5. Le 25 octobre 2013, la requête a été communiquée au Gouvernement.

EN FAIT

I. LES CIRCONSTANCES DE L’ESPÈCE

6. Le requérant est né en 1976.

A. Conditions de détention et mauvais traitements allégués

7. Le 21 janvier 2005, le tribunal de Zelenograd (ville de Moscou), Fédération de Russie, condamna le requérant à quatorze ans d’emprisonnement pour meurtre et vol de voiture.

8. Le 15 juillet 2005, les autorités russes extradèrent le requérant vers la République de Moldova en raison d’une enquête pour meurtre diligentée contre l’intéressé par les autorités moldaves.

9. Dans sa requête, le requérant soutenait qu’il était en bonne santé au moment de son extradition.

10. À son arrivée en République de Moldova, le requérant fut placé dans les locaux de détention provisoire (« l’IDP ») du commissariat général de police de la ville de Chișinău.

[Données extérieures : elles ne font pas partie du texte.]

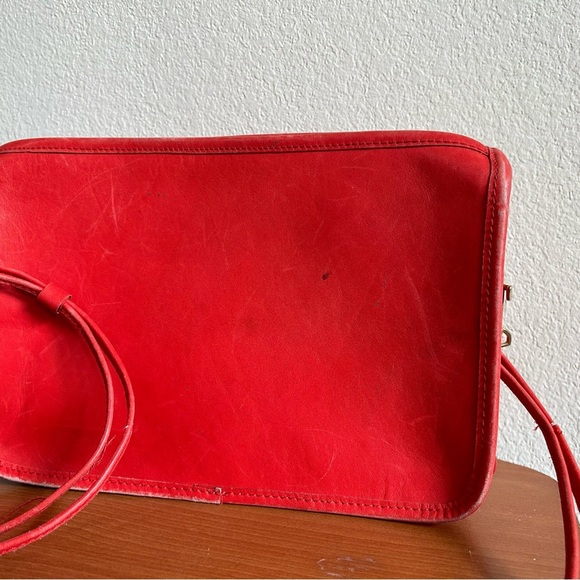 Genuine Leather Red Crossbody Vintage Basic Bag Made in Hong Kong Women’s Travel - Picture 12 of 16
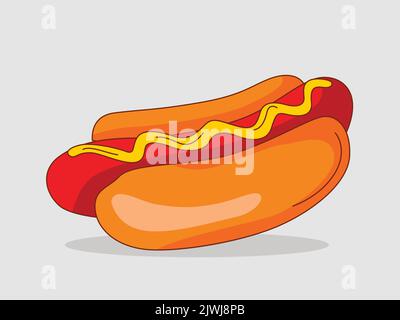 American Hot Dog - gebratene Wurst in einem Brötchen mit Saucen. Fastfood-Mahlzeit. Vektorgrafik. Flacher Cartoon. Stock Vektor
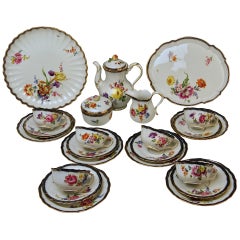 Vintage Meissen Tea Set Flower Bouquet Nr. 111120 Six Persons Pfeiffer Period, 1924-1934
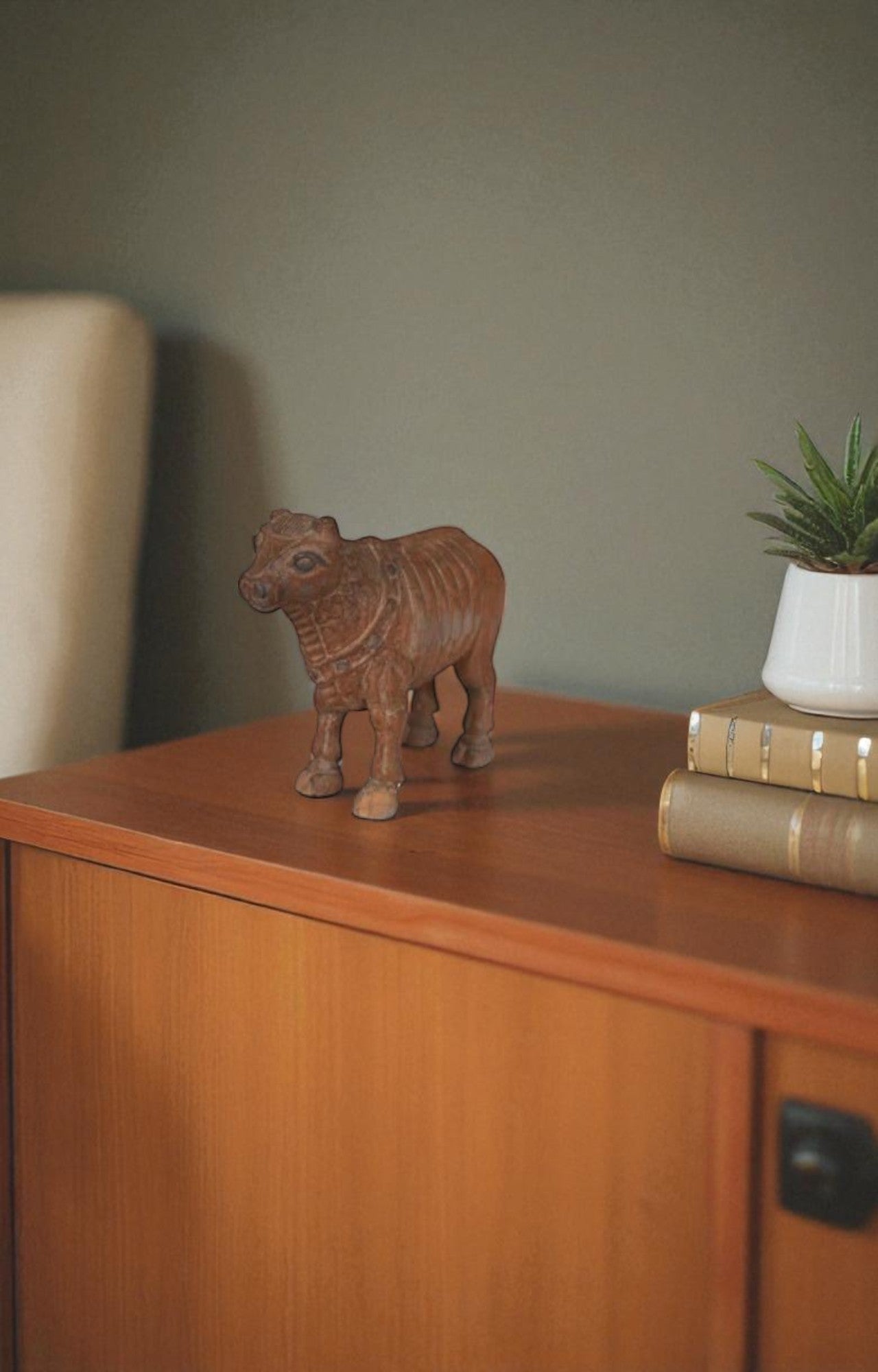 Vintage Handcarved Wooden Bull Figurine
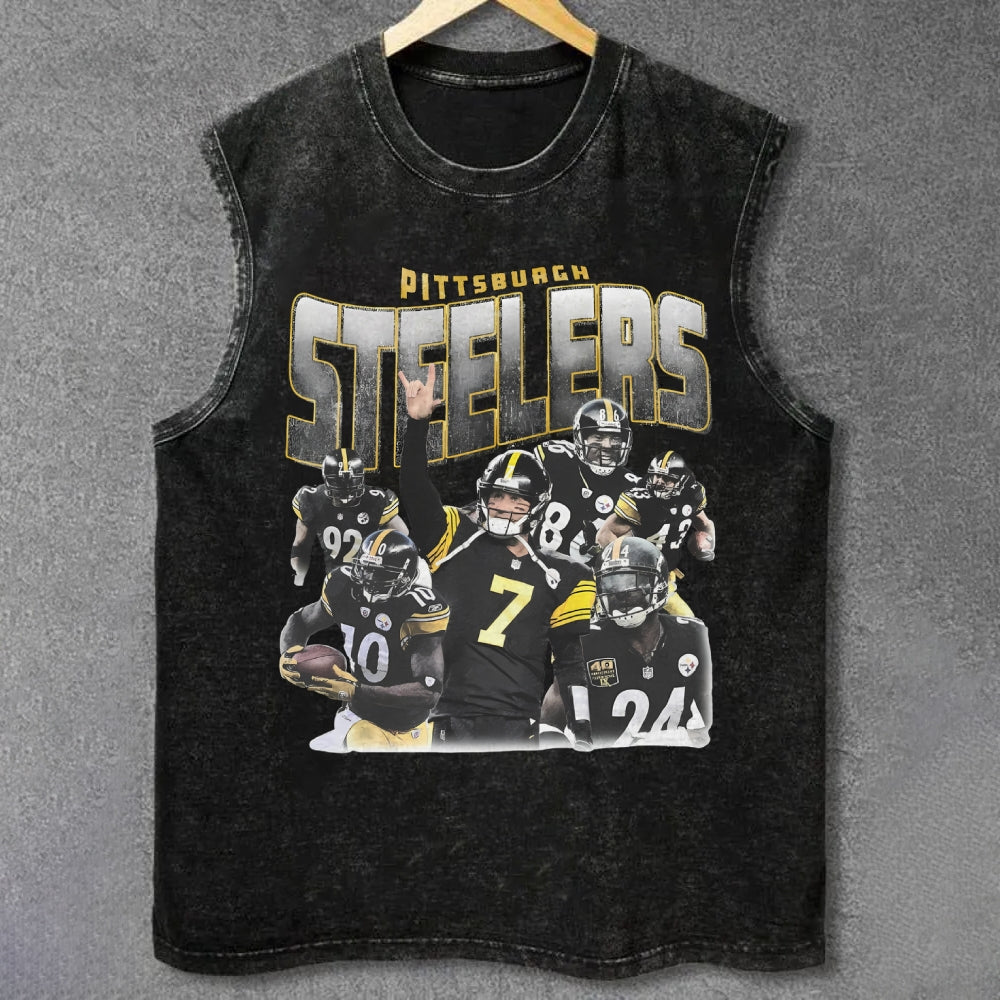 STEELERS  UNISEX VINTAGE WASHED TANK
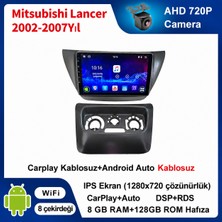 SBAID Mitsubishi Lancer 2002-2007 Yıl Uyumlu 8GB Ram 128GB Rom Hafıza Android Kablosuz Carplay Navigasyon Multimedya 9 Inç Ekran Hediye Görüş Kamerası Hediye Çerçevesi 8+128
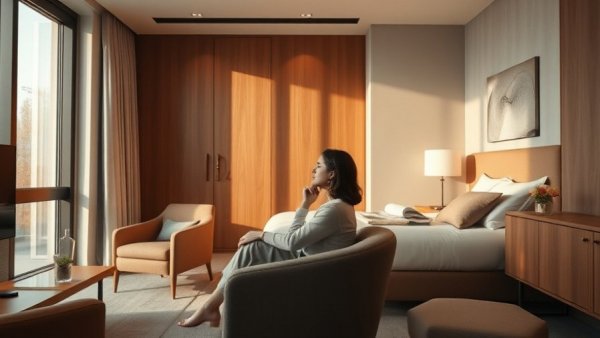 Modern minimalist hotel room with elegant design and warm lighting.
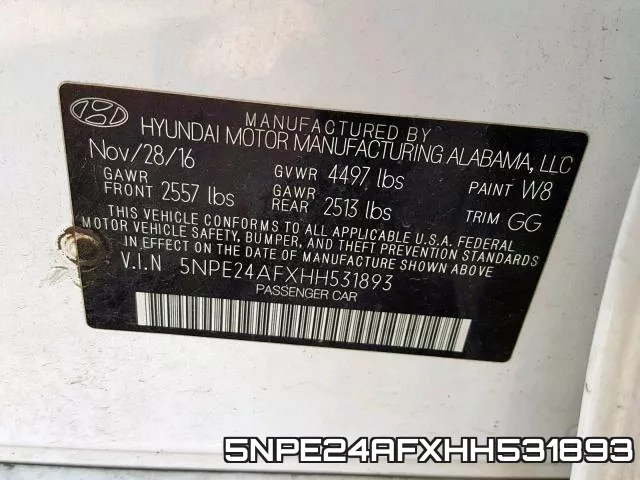 5NPE24AFXHH531893 фото 2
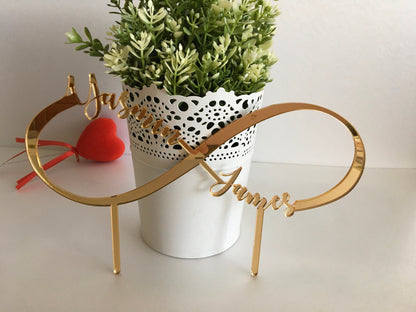Infinity Cake Topper with Custom Name, Personalized Wedding Decor - Forever Love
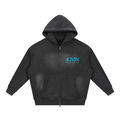 4GVIN ( No Fear ) Sunfade Two-way Zipper Boxy Fleece Hoodie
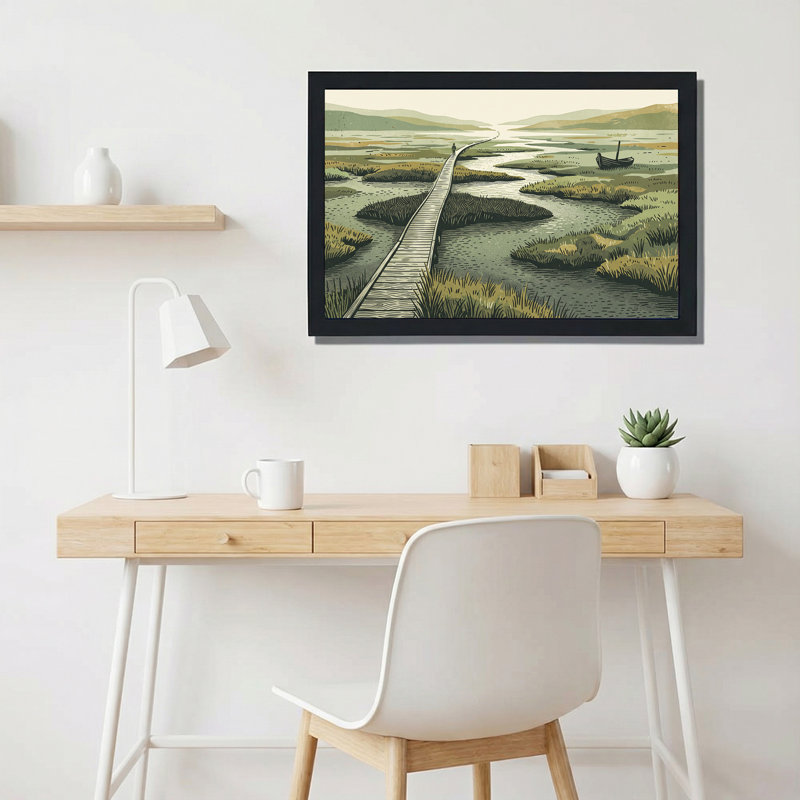 Art mural en bois, promenade en bois à travers le marais vert avec bateau, H 20 po x l 30 po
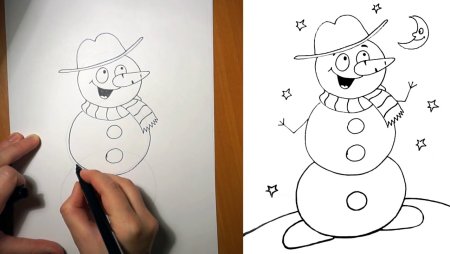 Поэтапный рисунок снеговика на новый год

11. D’après le requérant, les conditions matérielles de détention dans l’IDP étaient précaires : la cellule était humide, sombre et dépourvue de lit, de matelas, de table, de chaises et de lavabo ; les petits-déjeuners et les dîners n’étaient pas fournis et les promenades quotidiennes étaient de courte durée. De plus, toujours selon le requérant, les policiers l’avaient amené dans leurs bureaux à intervalles réguliers et l’y avaient maltraité pour lui arracher des aveux.

12. Le 19 octobre 2005, le requérant fut transféré dans l’établissement pénitentiaire no 13 de Chișinău. Selon un extrait du 2 juillet 2007 de la fiche médicale du requérant, un médecin avait examiné celui-ci au moment de son transfert dans l’établissement pénitentiaire et avait indiqué que l’intéressé était « pratiquement sain ».

13. D’après le requérant, durant sa détention dans l’établissement pénitentiaire, on avait continué à le conduire à intervalles réguliers dans l’IDP pour l’y maltraiter, et ce malgré ses demandes visant à ce qu’il fût mis un terme à ces transferts.

14. Le 7 février 2006, en signe de protestation, le requérant s’automutila en s’ouvrant le ventre. Les autorités l’hospitalisèrent.

15. Selon une attestation médicale du 6 mars 2006, le requérant présentait des traces d’automutilation et souffrait en outre des conséquences d’un traumatisme crânien et du syndrome d’hypertension intracrânienne compensée. Toujours d’après cette attestation, les médecins avaient diagnostiqué le 2 mars 2006 une tuberculose pulmonaire et avaient mis le requérant sous traitement antituberculeux à partir de cette date.

16. À différentes dates, le requérant se plaignit à diverses autorités de douleurs dans la partie gauche du corps, qui, à ses dires, étaient apparues à la suite des mauvais traitements allégués.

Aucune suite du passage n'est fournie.